After having considered the pleadings and relief sought by
Petitioner, the Court has concluded that the petition should
be dismissed as premature. No. service has issued upon
Respondent.
I.
BACKGROUND
Petitioner
is serving a 36-month term of imprisonment following
revocation of his supervised release for his 2011 conviction
in the United States District Court for the Western District
of Louisiana, No. 5:10-CR-00353-01, for bank fraud. Pet. 2,
ECF No. 1; Js., United States v. Bradford, Criminal Docket
for Case #: 5:10-cr-00353-01, ECF Nos. 123 & 223. The
Bureau of Prisons (BOP) has calculated his projected release
date as August 16, 2019, via good conduct time. See
U.S. Dep't of Justice, Fed. Bur. of Prisons/Inmate
Locator, http://www.bop.gov. (last visited May 17,
2019). In this petition, Petitioner claims that the BOP
should implement the new provisions of the First Step Act of
2018 regarding the award of good conduct time immediately and
recalculate his release date. Pet. 7, ECF No. 5.
II.
DISCUSSION
A
district court must dismiss a habeas petition “[i]f it
plainly appears from the petition and any attached exhibits
that the petitioner is not entitled to relief . . . .”
Rules Governing Section 2254 Cases 1(b), 4. From the face of
the petition, it is clear that Petitioner is not entitled to
relief.
Section
102(b)(1) of the First Step Act of 2018, Public Law No.

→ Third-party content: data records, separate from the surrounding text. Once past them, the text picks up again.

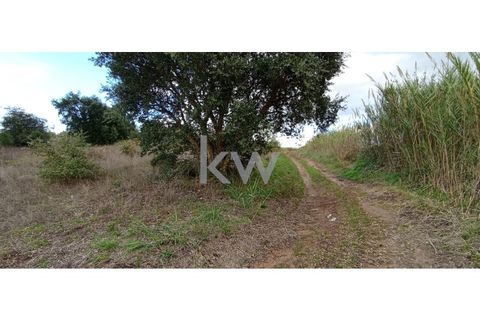 Helårsgrund i Torres Vedras, Lisbon, Torres Vedras - € 27.500 | Ref: KWPT-007873 - foto 2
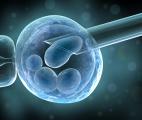 Des médecins chinois conçoivent deux embryons humains par transfert nucléaire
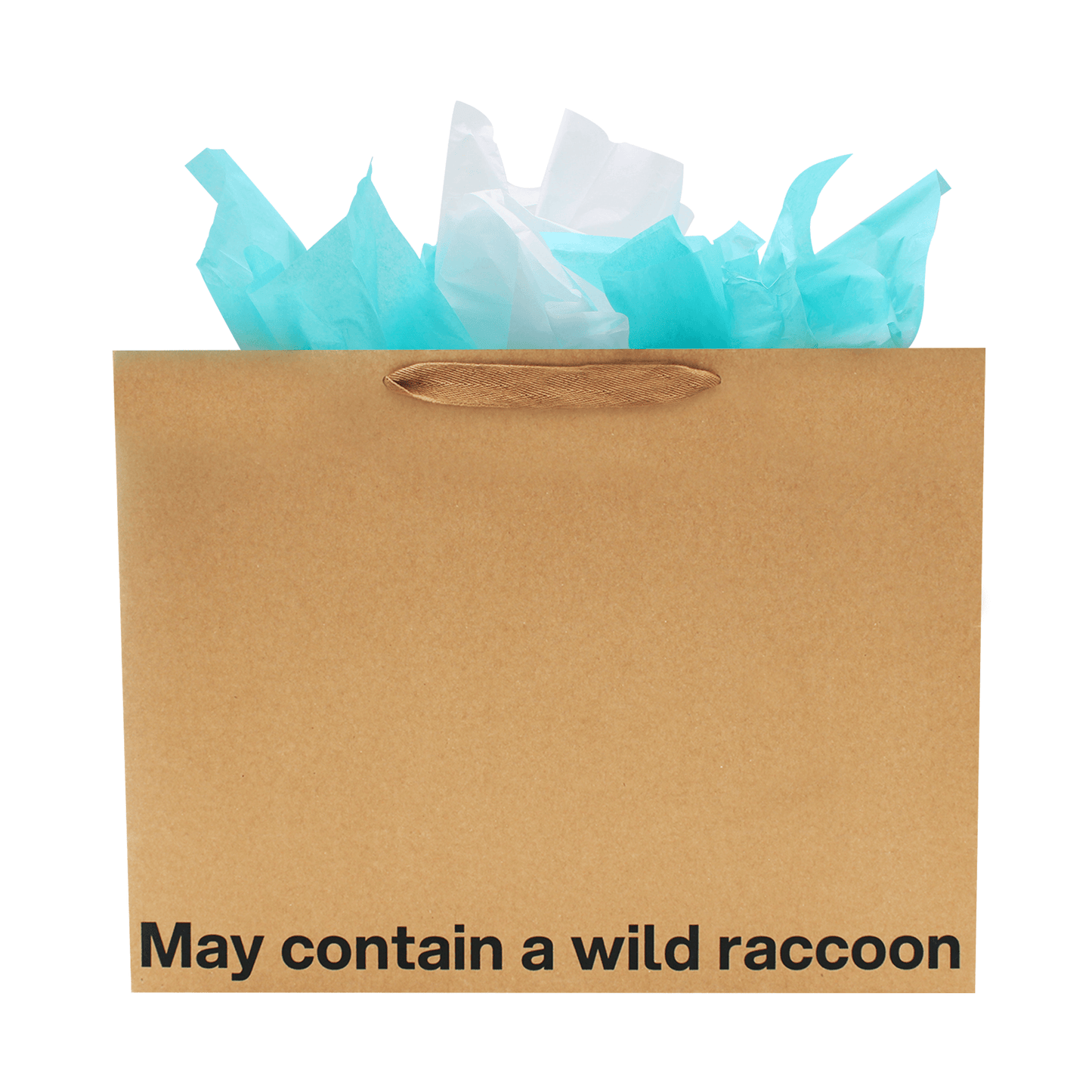 Funny gift bag with the text 'May contain a wild raccoon' and blue tissue paper inside.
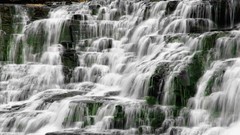 Coffee falls Tennessee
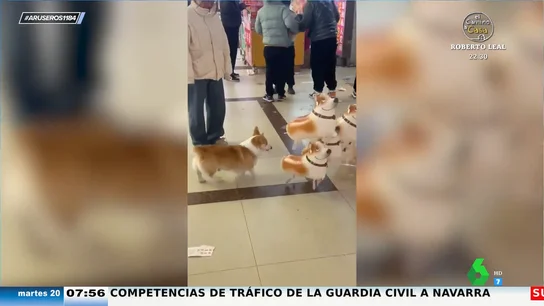 El divertido desconcierto de un corgi al cruzarse con una 'manada' de globos que se parecen a él El divertido desconcierto de un corgi al cruzarse con una 'manada' de globos que se parecen a él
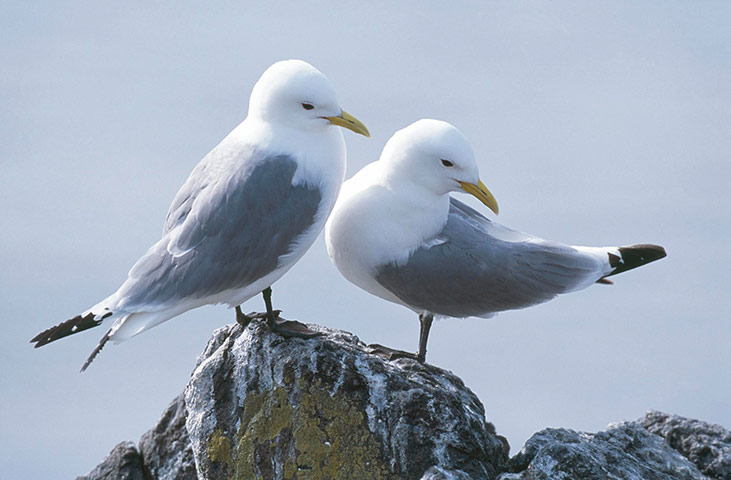 Week in wildlife: Seabird figures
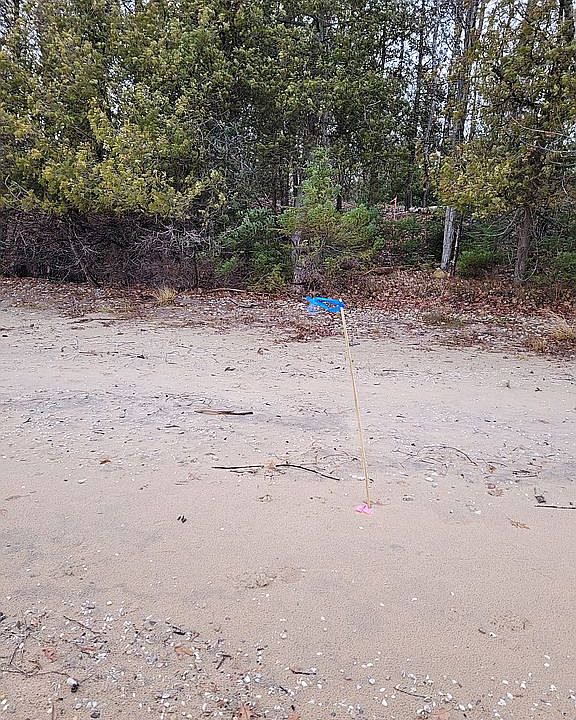 567 Yellow Birch Dr, Kewadin, MI 49648 Zillow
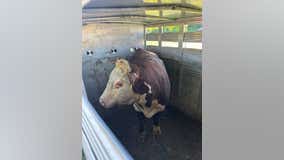 Cattle catcher wrangles stray bull on the loose in Chicago suburb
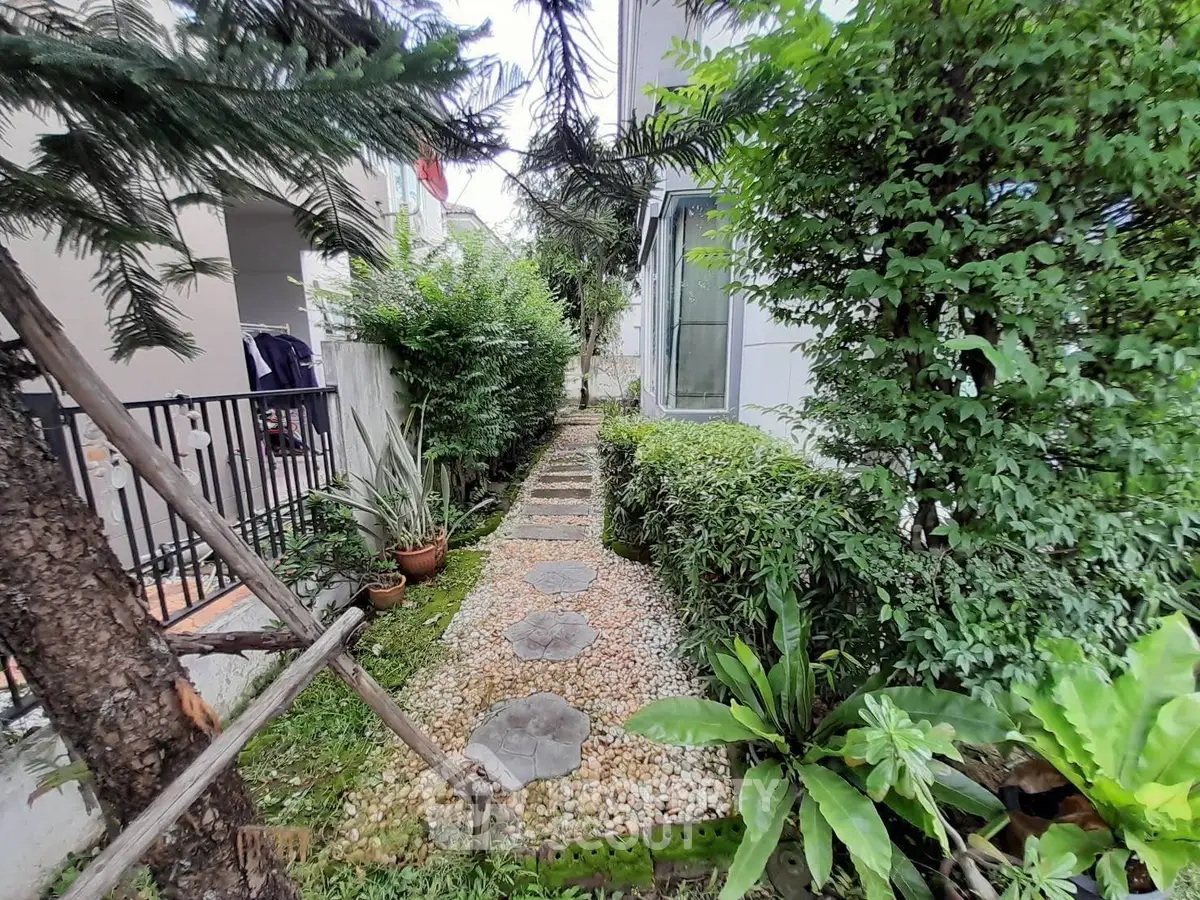 Charming garden pathway with lush greenery and stepping stones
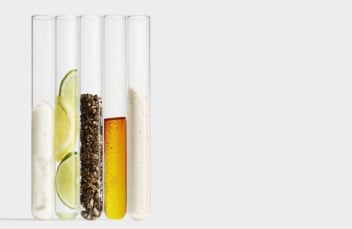 What is the difference between Eau de Parfum (EDP) and Eau de Toilette (EDT)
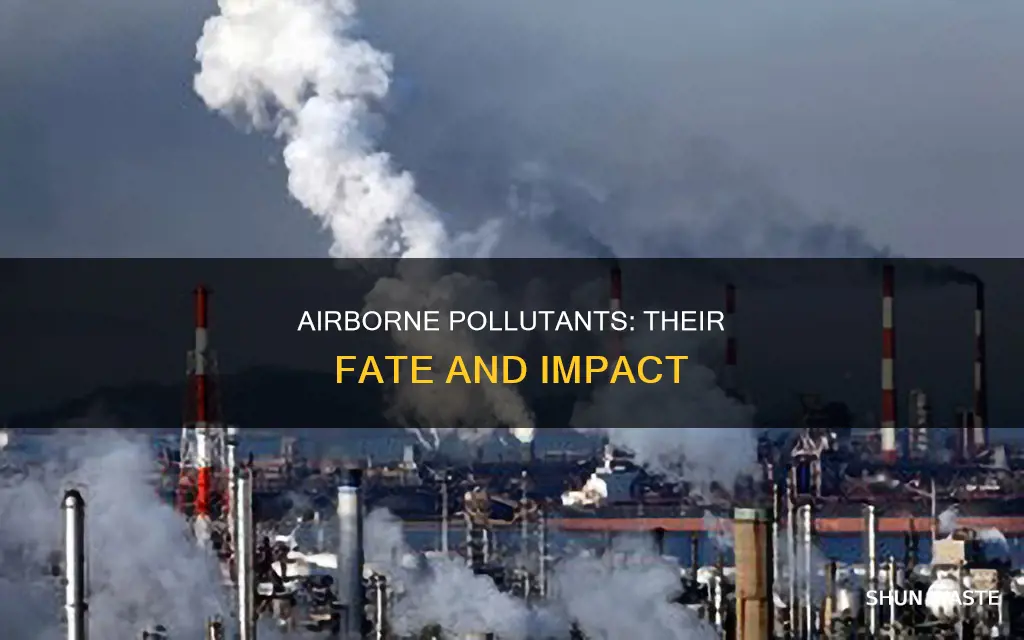 what happens to pollutants once in the air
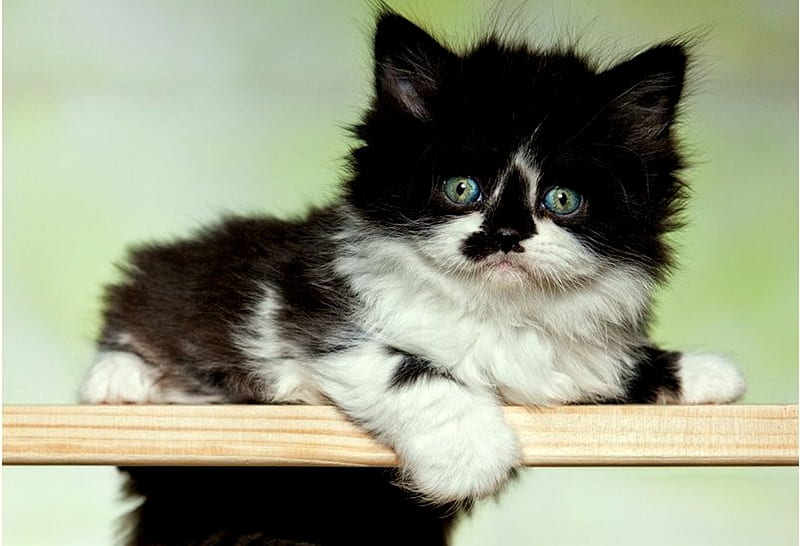 Sweetheart, black, white, cat, kitten, wood, HD wallpaper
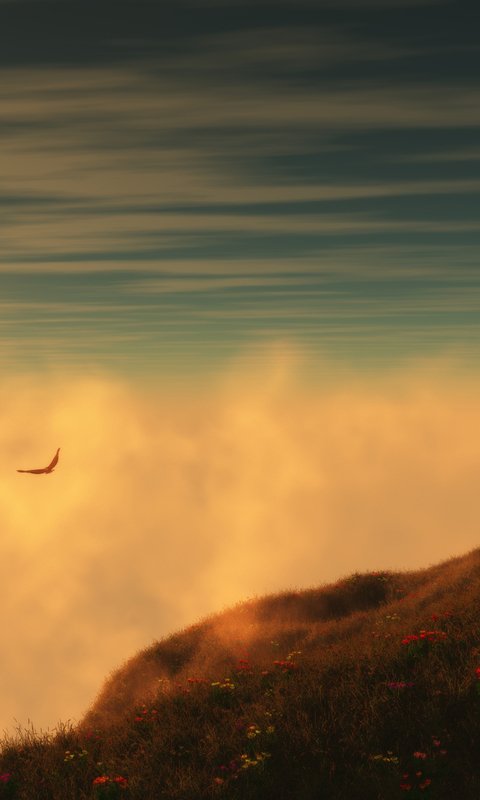 9220F1EA-C0C9-4486-8602-D0156DF2A632.jpeg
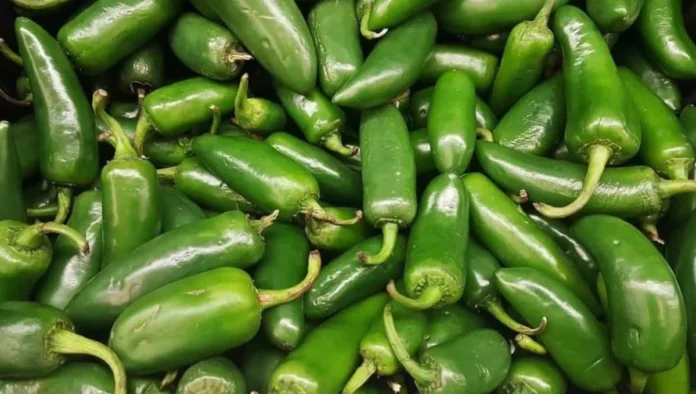 salmonela jalapeños salmonela jalapeños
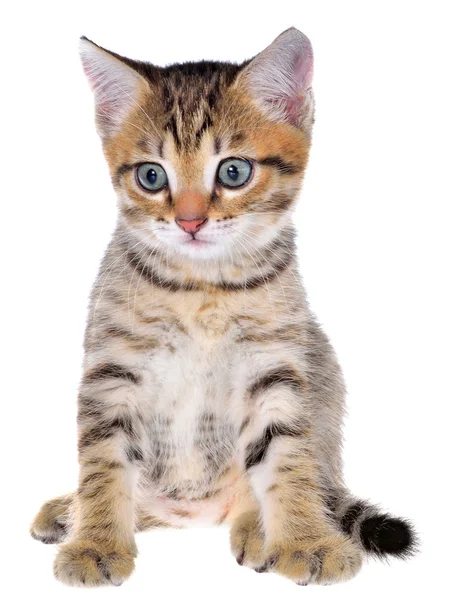 Shorthair brindled kitten — Stock Photo, Image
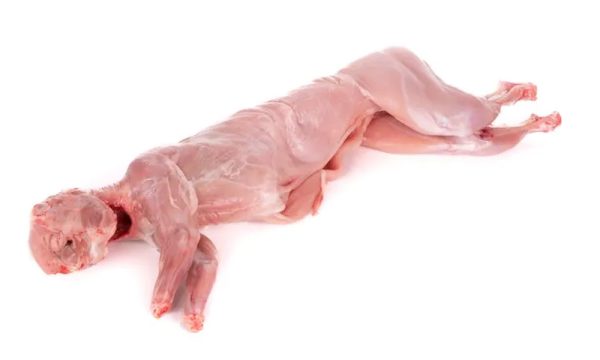 Conejo entero - 1kg aprox.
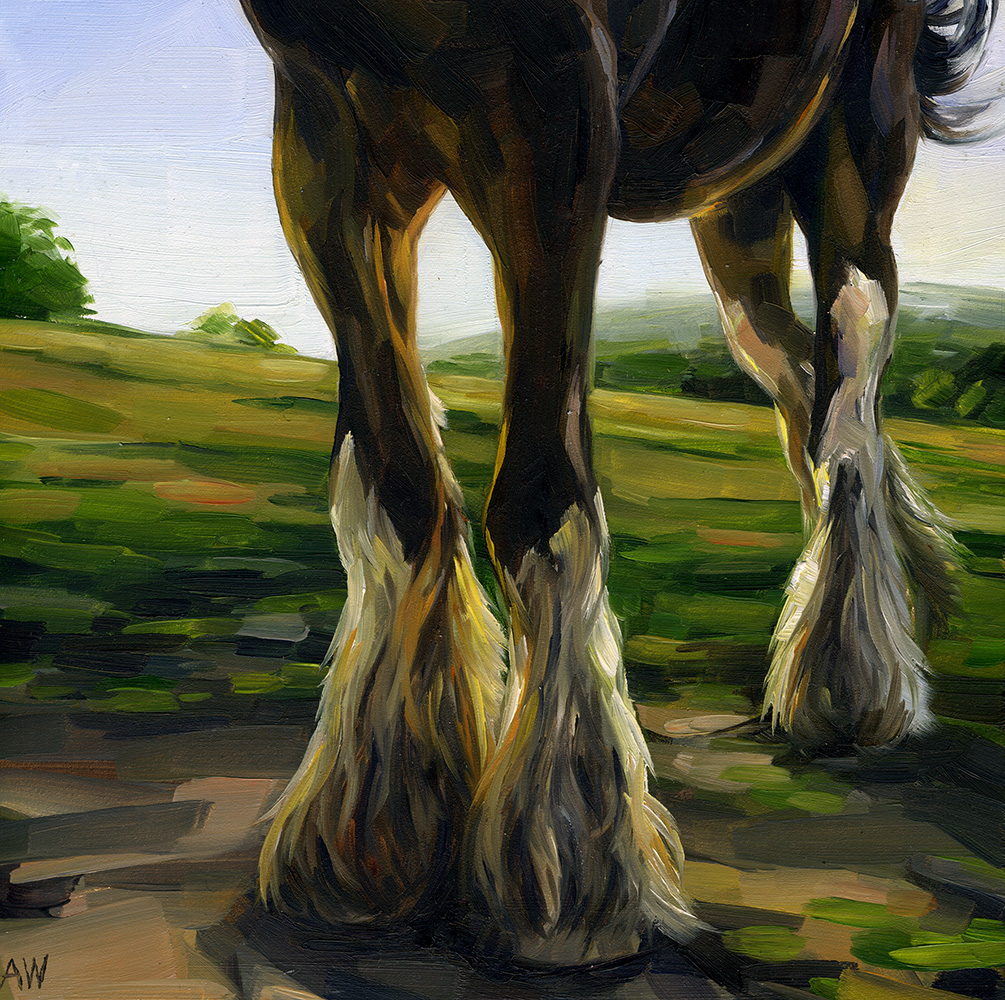 horse.jpg
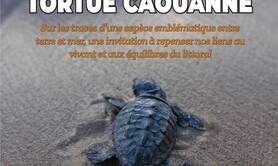 L’odyssée de la tortue caouanne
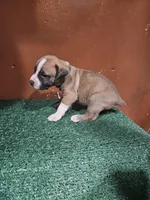 Green boy, a male Boerboel for sale in Saint Albans, NY – Photo 1 of 2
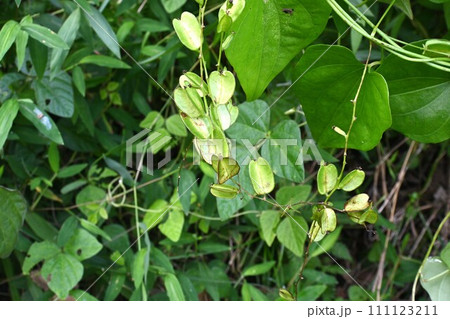 オニドコロ（鬼野老）・花と蒴果・有毒植物 111123211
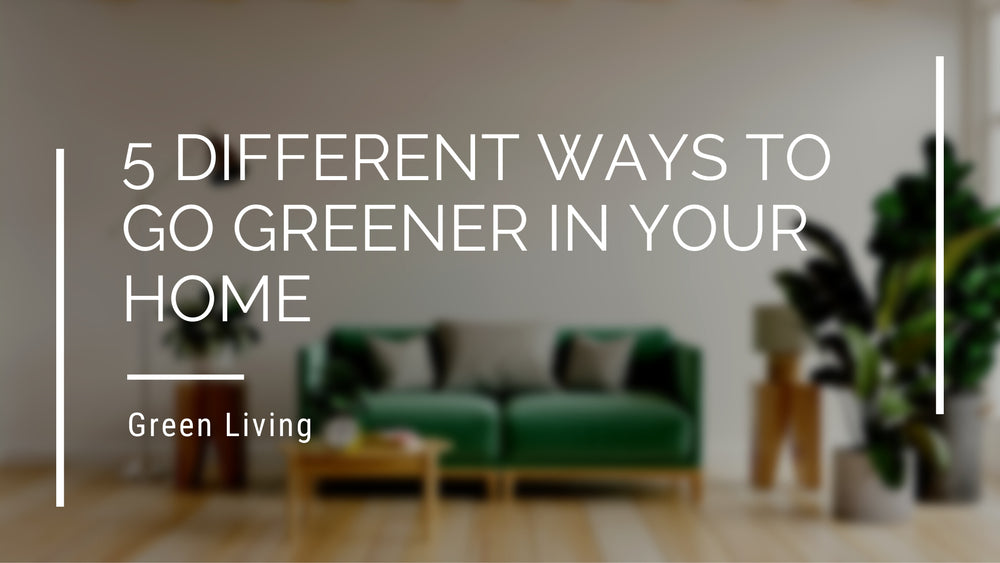 5 Different Ways To Go Greener In Your Home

115-391, amended 18 U.S.C. § 3624(b) to permit federal
inmates to earn 54 days of good conduct time for each year of
the prisoner's sentence imposed by the convicting court,
rather than for each year of the sentence served, effectively
abrogating Barber v. Thomas, 560 U.S. 474, 476
(2010) (upholding the BOP's method of awarding good time
credit at the end of each year the prisoner served).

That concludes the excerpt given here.